Welche Erfahrungen haben Sie bezüglich der Vereinbarkeit von Beruf und Familie gemacht?
Ingrid Rattinger: Prinzipiell muss jeder für sich überlegen, was das Beste ist. Für mich hatte der Beruf immer einen hohen Stellenwert. Ich habe zwei Kinder, war aber nicht in Karenz. Daher habe ich alles immer so organisiert, dass sich das gut verbinden lässt. Aber es ist natürlich auch wichtig, dass das Unternehmen flexibel ist. Es braucht diesbezüglich flexible Arbeitszeit- und Arbeitsortmodelle.
Katharina List-Nagl: Meine Erfahrung ist ähnlich. Ich habe ebenso zwei Kinder, brauche aber einfach auch diese berufliche Herausforderung. Das sage ich auch meinen Kindern und versuche, ein Vorbild zu sein. Ohne familiären Rückhalt und Nanny würde das System aber nicht funktionieren. Mein Mann und ich teilen uns die Betreuung 50:50 und eine Zeit lang hat er auch 40 Stunden von Montag bis Donnerstag gearbeitet und war amFreitag zu Hause. Ansonsten versuchen wir bei F/LIST, jungen Eltern möglichst viel Flexibilität zu bieten. Ich habe absolutes Vertrauen in Jungmütter, die Karriere machen wollen. Damit habe ich nur gute Erfahrungen gemacht.
Diese Schwierigkeiten betreffen sehr oft Frauen. Wie steht es abgesehen von den familiären Aspekten um die Frauen im Arbeitsmarkt?
Ingrid Rattinger: Es ist leider immer noch so, dass in Österreich und auch in Deutschland vier von fünf Unternehmen zur Gänze von Männern geführt werden. In den Vorstandsebenen sind Frauen nach wie vor die Ausnahme, bei den Aufsichtsräten sieht es durch die verpflichtende Genderquote von 30‑% mittlerweile besser aus. Hier gibt es einfach wahnsinnig viel Aufholbedarf. Je höher die Managementebene ist, umso niedriger wird der Frauenanteil und da muss man, denke ich, ganz massiv Frauen fördern.

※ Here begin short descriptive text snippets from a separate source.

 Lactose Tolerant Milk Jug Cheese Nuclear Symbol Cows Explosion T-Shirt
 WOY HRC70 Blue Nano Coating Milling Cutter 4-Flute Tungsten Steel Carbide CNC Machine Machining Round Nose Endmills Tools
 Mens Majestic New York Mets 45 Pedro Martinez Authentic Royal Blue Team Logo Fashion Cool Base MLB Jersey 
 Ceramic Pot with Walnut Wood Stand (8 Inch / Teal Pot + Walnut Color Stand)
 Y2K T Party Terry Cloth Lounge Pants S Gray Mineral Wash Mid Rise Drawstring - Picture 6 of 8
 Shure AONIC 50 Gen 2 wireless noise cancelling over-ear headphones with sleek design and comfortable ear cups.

Ganz generell funktionieren diverse Teams am besten, nicht nur, was das Geschlecht betrifft, sondern auch die Nationalität, denn unterschiedliche Menschen haben unterschiedliche Sichtweisen. Katharina List-Nagl: Bei uns ist es so, dass diejenigen den Job ausüben, die dafür auch am besten geeignet sind. Und da sind sehr viele Frauen dabei. Ich glaube aber, dass viele Frauen ein entscheidendes Problem haben: Wenn es darauf ankommt, können sie sich nicht so selbstbewusst präsentieren, wie das oft bei Männern der Fall ist. Auch ich selbst stehe nicht gerne im Rampenlicht, wenn ich weiß, dass die Leistung eigentlich mein Team erbracht hat. Diese Unsicherheit muss man aber überwinden.

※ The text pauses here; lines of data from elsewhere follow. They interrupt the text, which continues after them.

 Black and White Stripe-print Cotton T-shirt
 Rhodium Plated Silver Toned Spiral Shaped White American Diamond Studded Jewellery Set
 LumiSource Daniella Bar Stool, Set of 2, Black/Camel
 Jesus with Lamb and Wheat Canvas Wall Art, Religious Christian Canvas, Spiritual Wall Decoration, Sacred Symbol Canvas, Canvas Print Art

Ein zentrales Thema auf dem Arbeitsmarkt ist im Moment Automatisierung und Digitalisierung. Inwiefern hat die technologische Entwicklung die Anforderungen an Ihre Mitarbeiter verändert?
Katharina List-Nagl: Ganz stark. Früher hat es gereicht, Tischler zu sein – heute benötigt es viel mehr Wissen. Die Anforderungen nehmen zu. Wir setzen auf Offenheit für Neues und Weiterbildung. Ansonsten hat man als Unternehmen irgendwann Produkte, die nicht mehr konkurrenzfähig sind. Dazu überlegen wir rund um die Uhr, wie wir Prozesse automatisieren und vereinfachen können. Dabei ist unser Ziel aber nie, einen Mitarbeiter nicht mehr zu benötigen, sondern dessen Arbeit schlichtweg zu erleichtern.

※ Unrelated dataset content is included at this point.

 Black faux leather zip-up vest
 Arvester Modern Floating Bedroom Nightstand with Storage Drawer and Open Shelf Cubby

Ingrid Rattinger: Durch Automatisierung und Digitalisierung entsteht eine immense Herausforderung, denn gerade in diesen Bereichen – Big Data, Robotics und AI – gibt es viel zu wenig Fachkräfte. Viele Arbeitnehmer haben auch Angst vor der Veränderung. Diese Unsicherheit muss man adressieren. Man muss erklären, dass Automatisierung nicht heißt, dass alle ihren Job verlieren. Repetitive Aufgaben, die vielleicht ohnehin niemand gerne macht, werden künftig zwar Maschinen erfüllen, aber dafür können wir uns auf andere Dinge konzentrieren. Selbstverständlich bedeutet das auch, dass Mitarbeiter neue Fähigkeiten benötigen. Insbesondere erfahrenen, älteren Mitarbeitern muss man hier die Angst nehmen und sie in diese neue Welt führen.
Ein umgekehrter Blick: Wie haben sich die Ansprüche der Mitarbeiter an das Unternehmen über die Jahre verändert?
Katharina List-Nagl: So wie die Kundenansprüche, steigen auch Ansprüche der Mitarbeiter. Bei Bewerbern habe ich oft das Gefühl, dass deren Selbstbewusstsein massiv gestiegen ist. Viele haben nicht mehr die Geduld, sich dorthin zu entwickeln, wo man eine Zukunft für sie sieht. Diese Mitarbeiter trotzdem zu begeistern und ihnen den Weg zu zeigen, das ist eine Herausforderung.